Search code examples
pythontensorflowkerasneural-networkone-hot-encoding

What is the use of the ID field in the source code?


Check out the following source code:

import pandas as pd
from tensorflow.keras import layers, models

colors_df = pd.DataFrame(data=[[5,'yellow'],[1,'red'],[2,'blue'],[3,'green'],[4,'blue'],[7,'purple']], columns=['id', 'color'])

categorical_input = layers.Input(shape=(1,), dtype=tf.string)
one_hot_layer = OneHotEncodingLayer()
one_hot_layer.adapt(colors_df['color'].values)
encoded = one_hot_layer(categorical_input)

numeric_input = layers.Input(shape=(1,), dtype=tf.float32)

concat = layers.concatenate([numeric_input, encoded])

model = models.Model(inputs=[numeric_input, categorical_input], outputs=[concat])
predicted = model.predict([colors_df['id'], colors_df['color']])
print(predicted)
# [[5. 0. 1. 0. 0. 0.]
#  [1. 0. 0. 1. 0. 0.]
#  [2. 1. 0. 0. 0. 0.]
#  [3. 0. 0. 0. 0. 1.]
#  [4. 1. 0. 0. 0. 0.]
#  [7. 0. 0. 0. 1. 0.]]

In the above article, they wrote:

This simple network just accepts a categorical input, One Hot Encodes it, then concatenates the One Hot Encoded features with the numeric input feature. Notice I’ve added a numeric id column to the DataFrame to illustrate how to split categorical inputs from numeric inputs.

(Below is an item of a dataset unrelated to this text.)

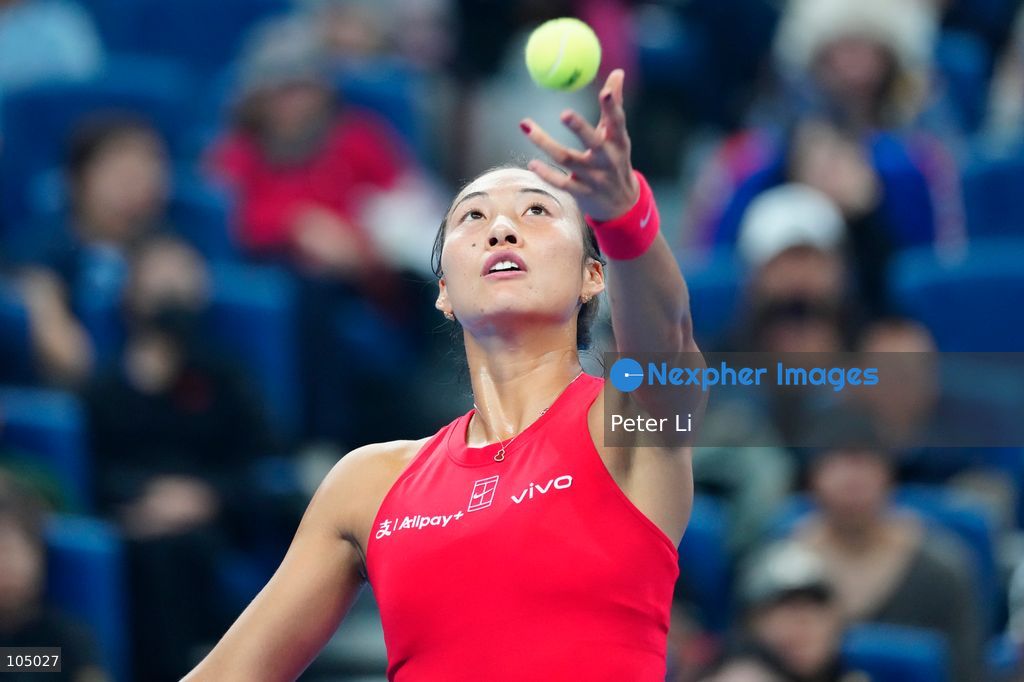 Zheng Qinwen of China in action against Mirra Andreeva of the Russia during their Womens Singles final match at the China Open tennis tournament in Beijing, China, 11 October 2026. (Photo by Peter Li/Nexpher Images)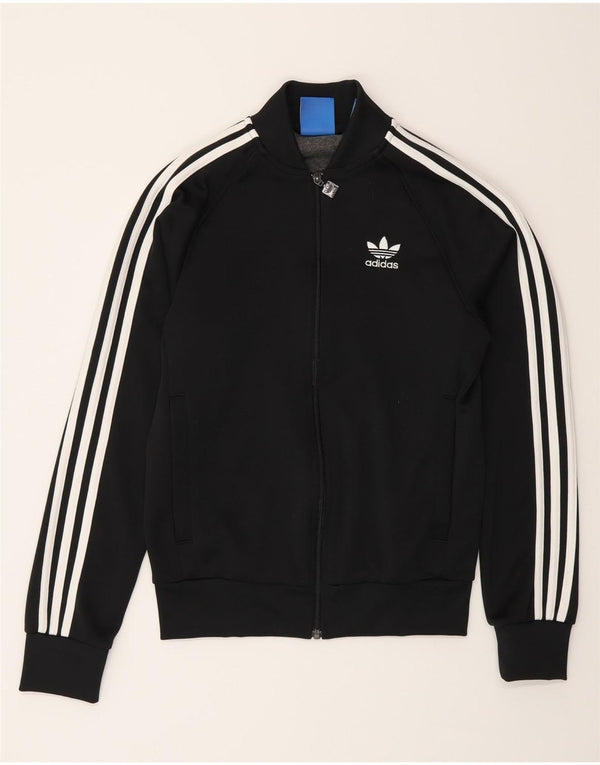 Adidas Damen Trainingsanzug Top Jacke UK 6 XS Schwarz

I haven't understood this.

Why was an id column supplied along with those 5-digit one-hot codes?

What was its use in the overall application?


Solution

  • The blog post, simply added Id, to keep a connection between input strings and one hot encoded output, in order to audiences be able to track which input string, converted to which one hot row.

    It just added the Ids as input and without no processing at output to show you, e.g. yellow which it's id is 5, converted to [0. 1. 0. 0. 0.].

    It has no other effect on the model i.e. performance, but just for demonstration purposes.